Regardless of whether or not the ideas in Groundswell are valid, if I was a Forrester client, I would have to consider the fact that reports written by these analysts are reports written by individuals who reasonably could be perceived as having a vested interest in a certain perspective of the world.

If that perspective originated from extensive research they’ve conducted for Forrester, it is still hard to ignore that a financial interest (their book) gives them a possible incentive to maintain the same perspective, even if new data and research indicate that the perspective is flawed.

At the end of the day, I think those who read research reports would be wise to heed the following common sense advice:

  • Do not consider research firms to be authoritative sources of information, analysis and data. Just because a research firm says that Market X will be worth $500 billion in 5 years doesn’t mean that it will be. And just because a research firm says that you should engage in Activity Y using Application Z doesn’t mean that you should.
  • Look at who writes a report. What has the author written in the past? Has the author’s past advice stood up to the test of time?

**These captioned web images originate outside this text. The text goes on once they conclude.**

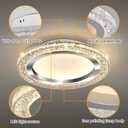 UOFUS 32W LED Flush Mount Ceiling Light Chrome 15.7inch Modern Round Ceiling Light Fixture 3000K-6000K Super Bright Circle Ceiling Lamp for Bedroom Kitchen Dining Room Entryway Hallway Foyer, 15.74inch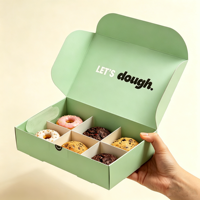 Caja de Papel Ecológica para Alimentos, Caja para Donuts, Impresión de Grado Alimenticio, Empaque para Pastelería, Caja Personalizada para Macarons y Galletas con Bolsa de Papel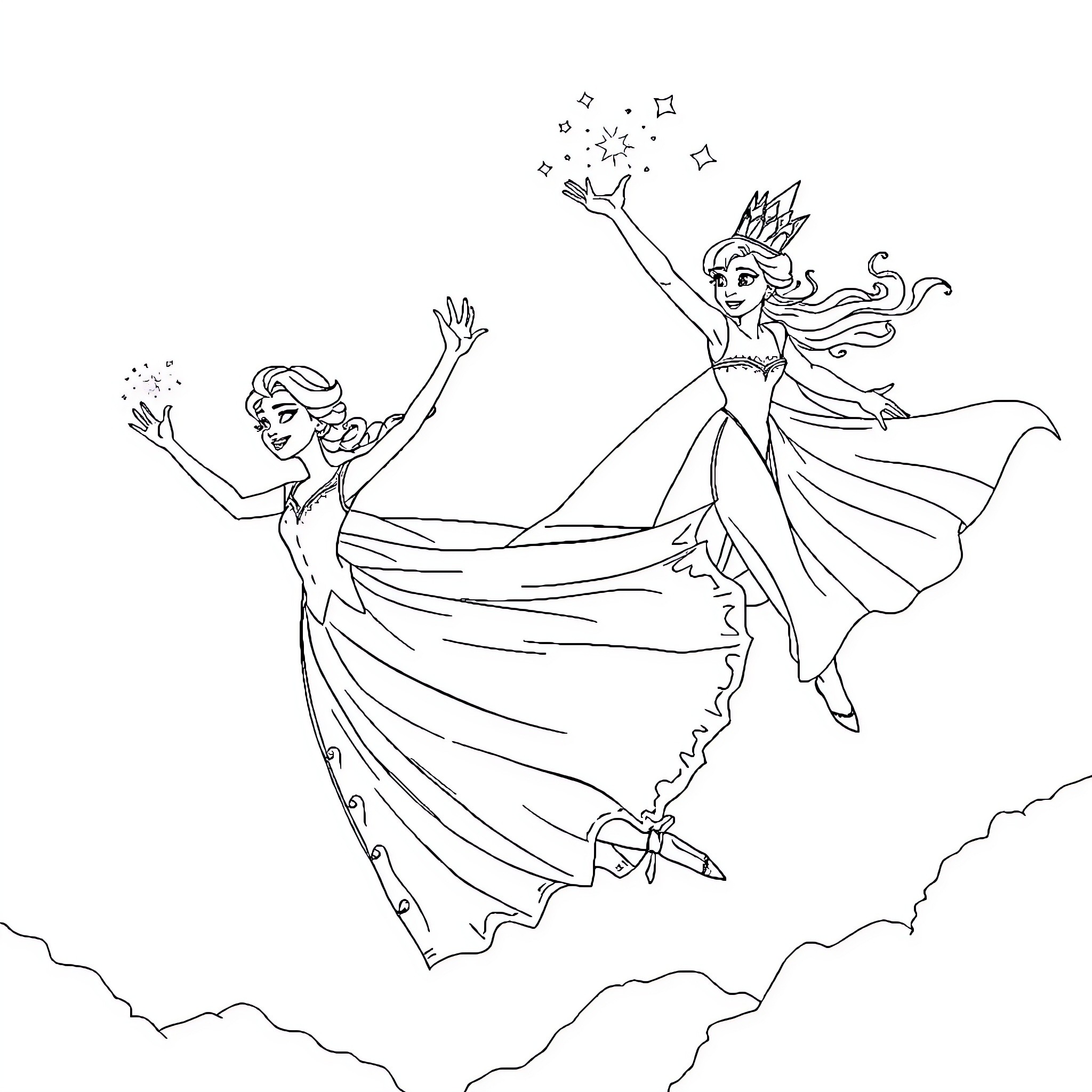 Elsa and Anna Performing Magical Dance in the Sky Coloring Page (free black-and-white line drawing printable PDF for all, from beginners to advanced learners, including children, teens, adults, and seniors)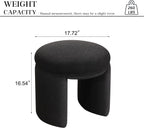 Boucle Ottoman, Round Sherpa Vanity Stool Chair, Small Upholstered Modern Teddy Footstool for Makeup, Living Room, Entryway, Bedroom,Black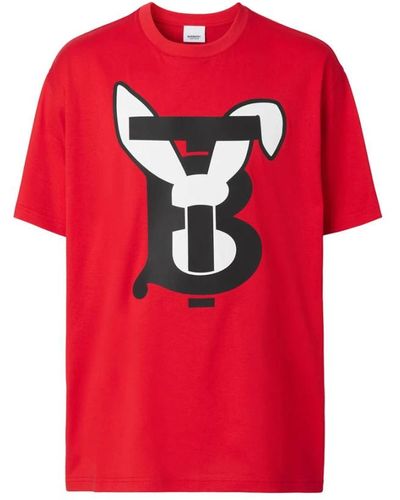Burberry Baumwoll logo print t-shirt top - Rot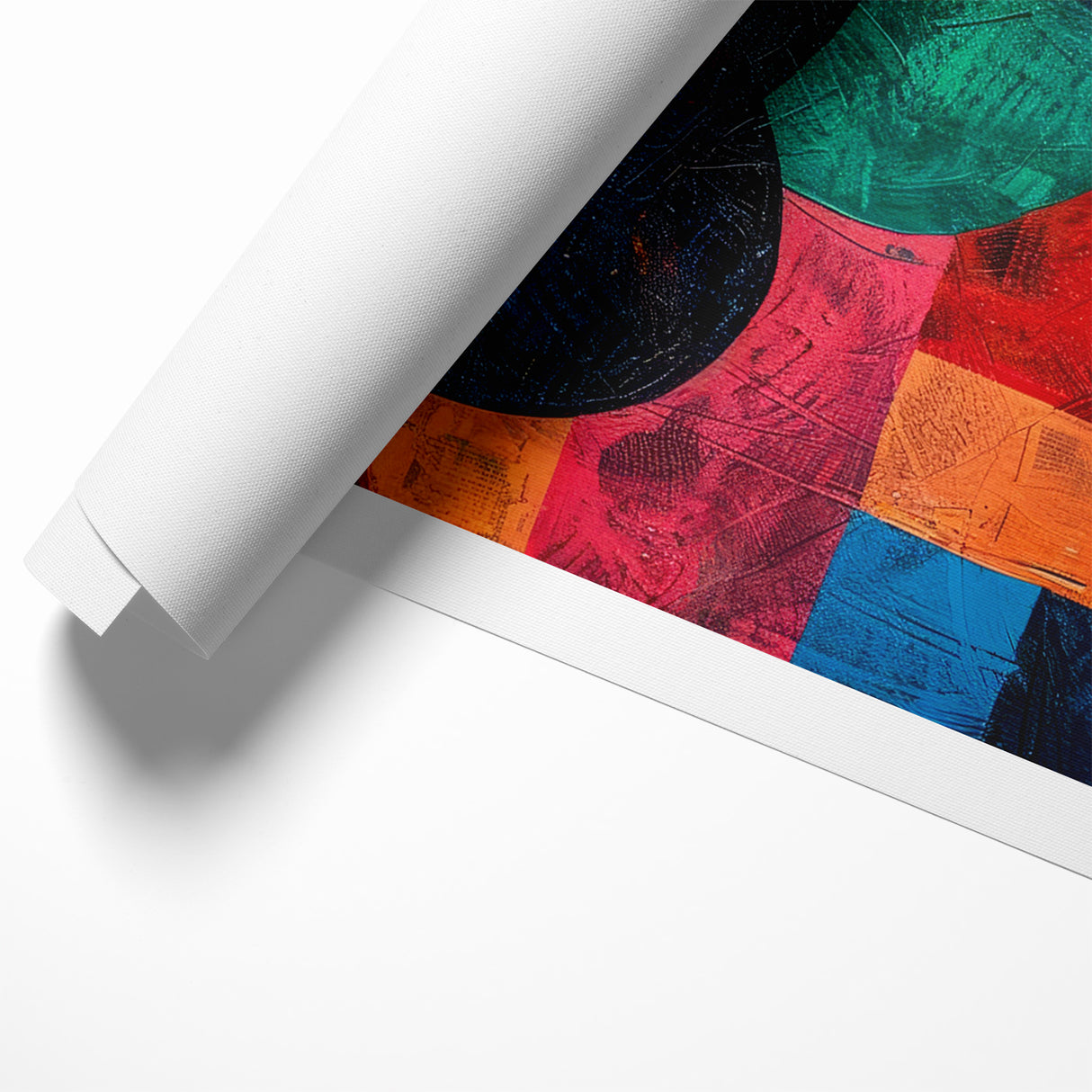 Vibrant Geometric Abstract Expressionist Canvas Wall Art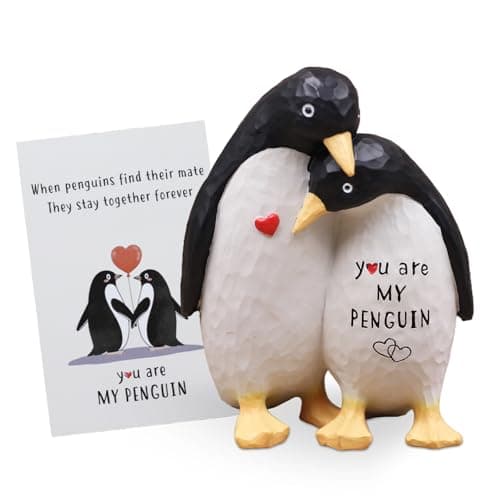 AUMELO Anniversary Birthday Gifts for Women Men Couple Her，Penguin Figurine
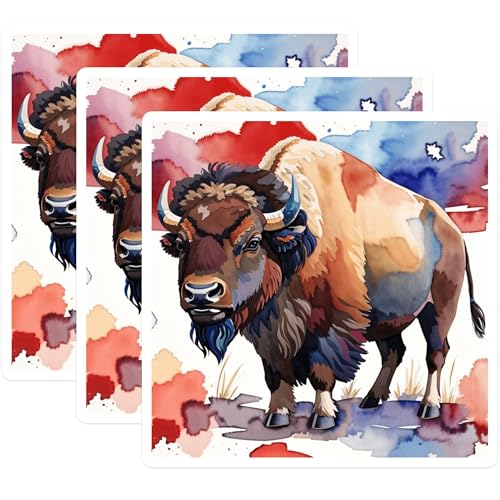 (3 Pack) Bison Decals - Watercolor Buffalo Stickers - Laptop Animal Decals - 3 Inches On Longest Side - Easy Peel & Apply - Made in USA - 3MCS7443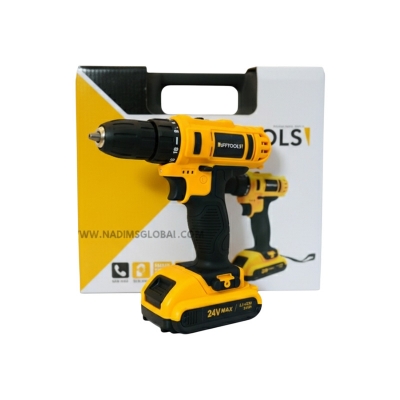 Picture of TUFFTOOLS KFK 24V Cordless Impact Drill Machine 10mm Brushed Motor with 2pcs Li-ion Rechargeable Batteries – Portable Electric Hand Drill & Screwdriver Kit-Screwgun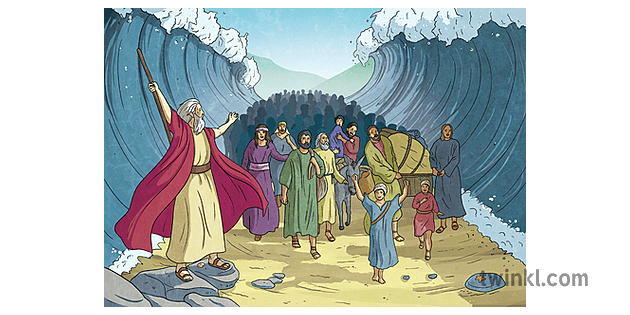 moses parting the red sea object holiday bible school bible boot camp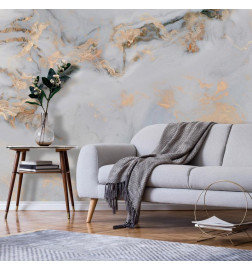 Wall Mural - White Stone - Elegant Marble With Golden Highlights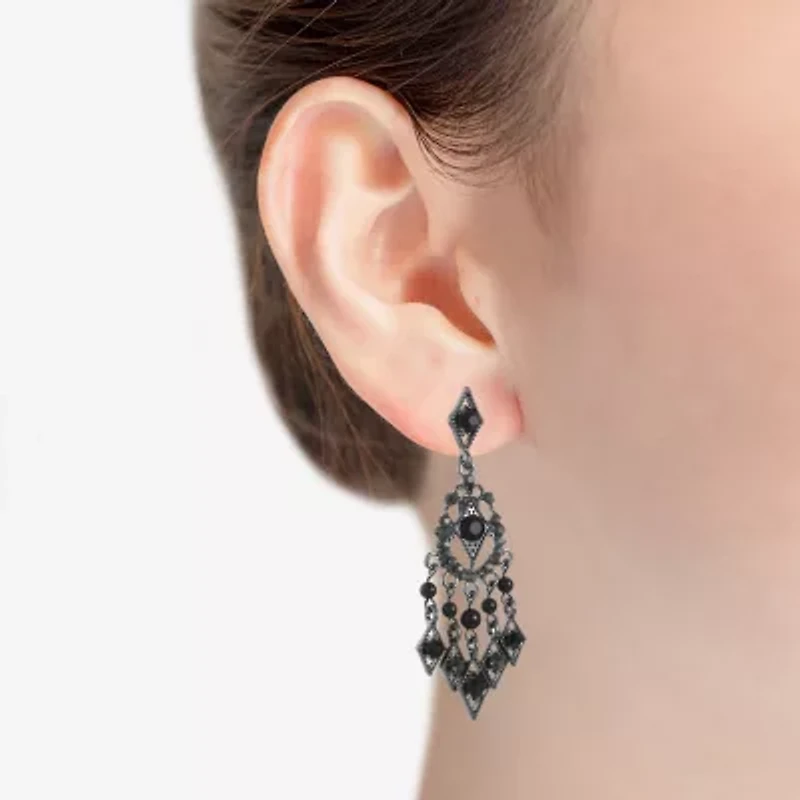Mixit Black Womens Black Hypoallergenic Chandelier Earrings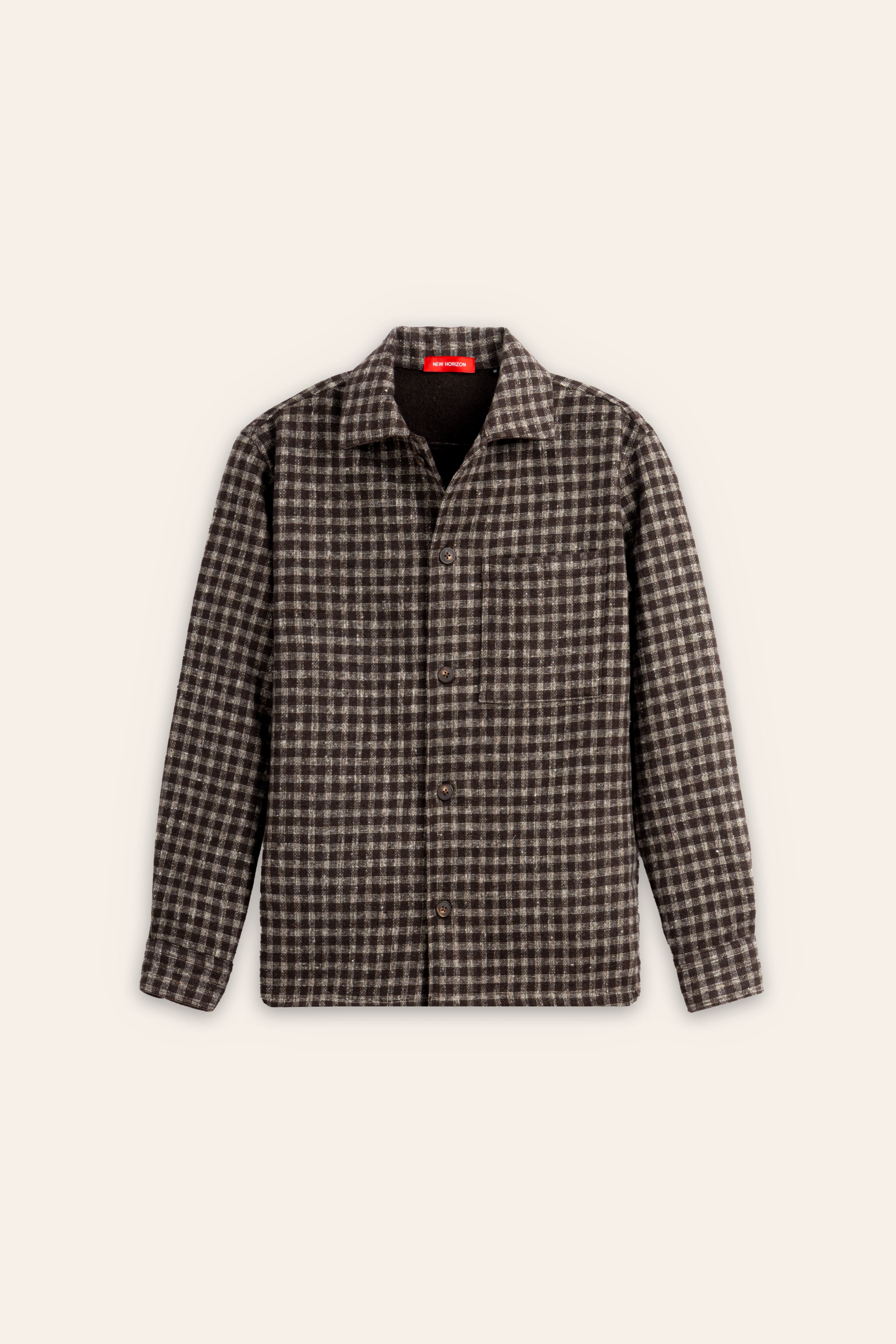 Brown Textured Check Overshirt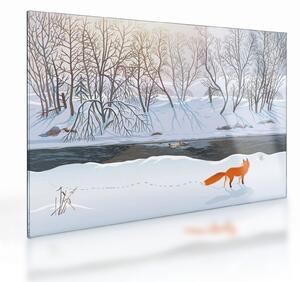 Tablou pe sticlă - Vulpe în peisaj de iarnă (70x50 cm)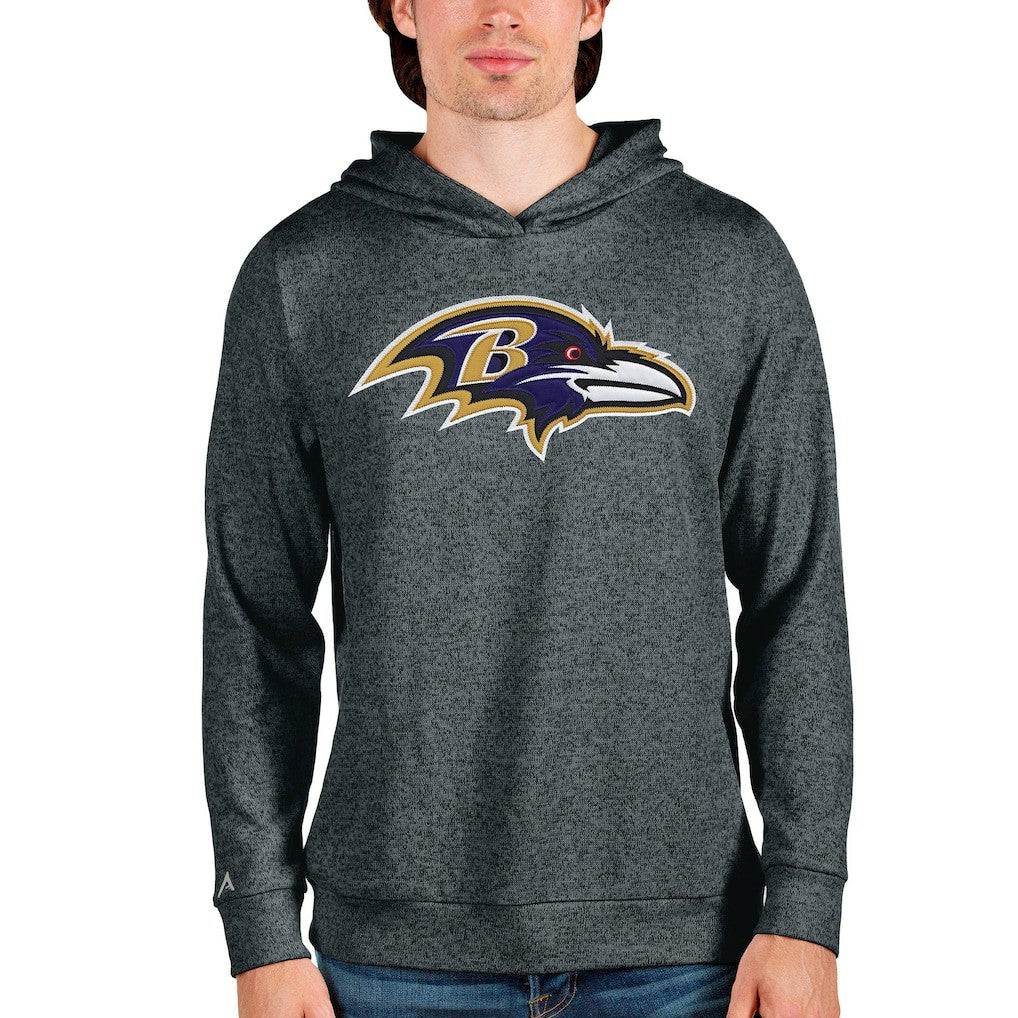 Baltimore Ravens Antigua Team Absolute Pullover Hoodie - Heathered Charcoal - NFL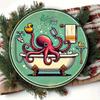 Vintage Tin Wall Decor Circular Ocean Octopus Bath Art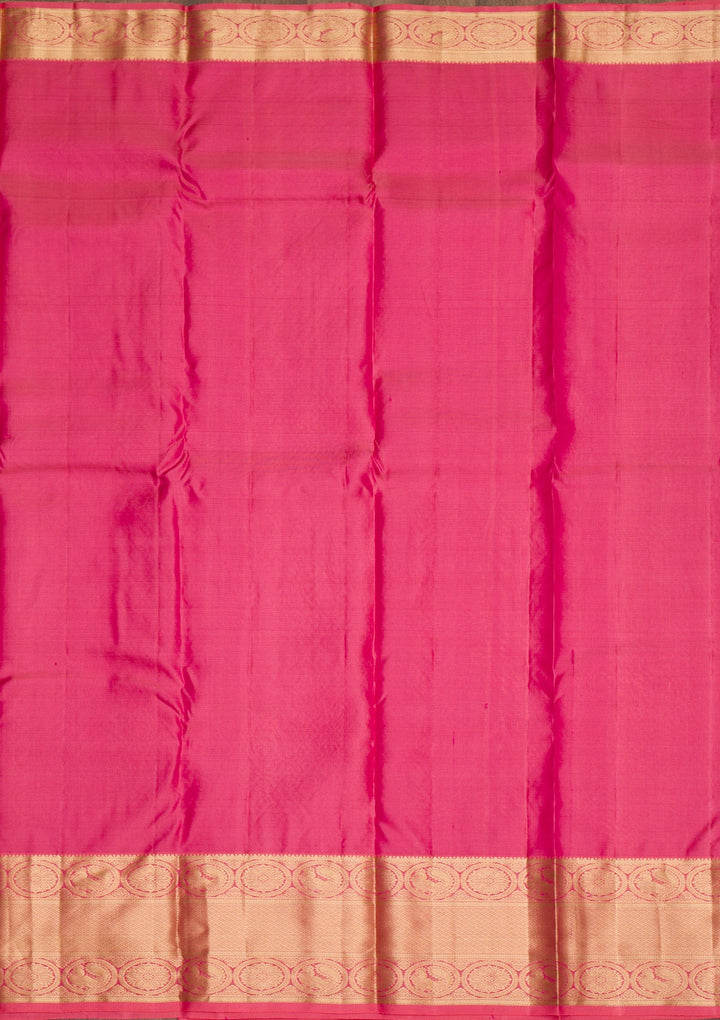 Onion Pink Zariwork Pure Silk Saree-Koskii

What is the author’s background? Does the author have vested interests that create room for potential bias – conscious or unconscious?
  • Conduct your own research, perform your own analysis and, most importantly, apply basic logic. There’s absolutely no substitute for any of these things.

All this said, I am willing to go out on a limb and make a prediction of my own – research firms will continue to make lots of money publishing “research” no matter how many questions are raised about accuracy, sensibility and plausibility.

Perhaps I simply need to publish a research report about research firms. I think the headline will read “Drama 2.0 Predicts Research Firms to Issue More Research; Fools to Buy Record Number of Reports Promoting Hype and Touting Fanciful Projections.

Sadly, I’m sure there are people who would pay $500 to read it.